Höchstes Gehalt in Düsseldorf

Die eingangs genannten Streuungen bei der Gesamtvergütung von IT-Managern in derselben Funktion sind nicht das einzige Beispiel für große Gefälle in der Gehaltslandschaft. Weit auf geht die Schere auch beim Blick auf den Arbeitsort. Wer als IT-Fachkraft in Ostdeutschland arbeitet, verdient 46.000 Euro. Ein Kollege in Köln erhält durchschnittlich 65.000 Euro. Bei Führungskräften liegt die Differenz zwischen Ost- und West-Gehalt sogar bei durchschnittlich 50.000 Euro. Traditionell sind die Gehälter in Düsseldorf besonders hoch. Das zeigt auch die diesjährige Studie: Eine IT-Führungskraft in der nordrhein-westfälischen Landeshauptstadt verdient 115.000 Euro im Jahr, eine IT-Führungskraft in Ostdeutschland erhält nur 67.000 Euro.

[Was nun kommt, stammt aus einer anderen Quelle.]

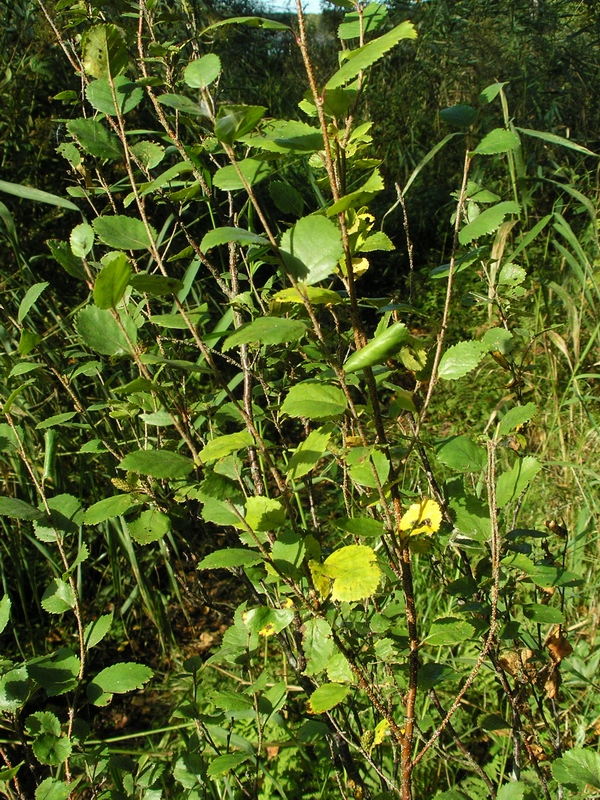 Изображение особи Betula humilis.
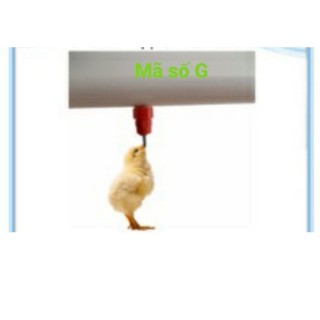 Núm uống gà 10 cái/60k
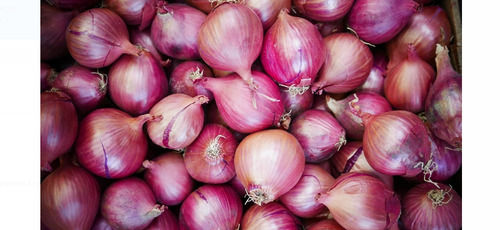 Pack Of 1 Kilogram Natural And Pure Fresh Onions Vegetable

Alter und Gehalt stehen ebenfalls direkt in Zusammenhang. Zwischen dem 30. und dem 60. Lebensjahr kann eine IT-Führungskraft ihr Einkommen mehr als verdoppeln. Wer mit 30 noch 65.000 Euro im Jahr verdient, kann mit 60 auf ein Gehalt von 135.000 Euro kommen. Bei Fachkräften ist der Gehaltsaufstieg während des Erwerbslebens nicht ganz so steil. Sie beginnen mit 48.000 Euro und steigern ihr Einkommen bis zum Alter von 60 Jahren um rund 65 Prozent.

Während bei den Gehältern insgesamt viel Bewegung herrscht, stagniert die Entwicklung bei einem speziellen Thema: Frauen in der IT. Ihr Anteil hat sich im Vergleich zur Vorjahresstudie nicht verändert. Von den Führungskräften sind sechs Prozent weiblich, von den Fachkräften 16 Prozent. Auch die Angleichung der Gehälter kommt nicht voran. Zurzeit verdienen Frauen in IT-Führungs- und -Fachpositionen zehn Prozent weniger als Männer. Voriges Jahr hatte die Differenz mit acht Prozent ihren bisher niedrigsten Stand erreicht.

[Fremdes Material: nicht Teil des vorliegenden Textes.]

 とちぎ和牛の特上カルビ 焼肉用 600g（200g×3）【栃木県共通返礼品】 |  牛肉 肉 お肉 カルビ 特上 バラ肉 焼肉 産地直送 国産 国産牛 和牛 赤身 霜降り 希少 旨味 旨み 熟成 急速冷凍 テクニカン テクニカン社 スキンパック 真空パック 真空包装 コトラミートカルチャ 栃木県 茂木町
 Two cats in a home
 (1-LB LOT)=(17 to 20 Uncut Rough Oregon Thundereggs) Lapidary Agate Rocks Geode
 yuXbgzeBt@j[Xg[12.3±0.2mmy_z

Fachkräftemangel könnte zu höheren Gehältern für Frauen führen

Dass sich die Lage seither wieder verschlechtert hat, will Christian Näser daraus aber nicht ableiten. Weil der Frauenanteil so niedrig sei, habe die Veränderung von zwei Prozentpunkten geringe Aussagekraft. Ohnehin nimmt der Berater an, dass Frauen in der IT mittelfristig besser bezahlt werden. Dazu werde zum einen die kürzlich geführte Diskussion um Frauenquoten beitragen. Zum anderen werde den Frauen der Mangel an IT-Fachleuten in die Hände spielen - weil IT-Experten fehlten, müssten sich Firmen stärker um Mitarbeiterinnen bemühen. "Die Diskussion ist in Gang und wird etwas bewegen", sagt Näser.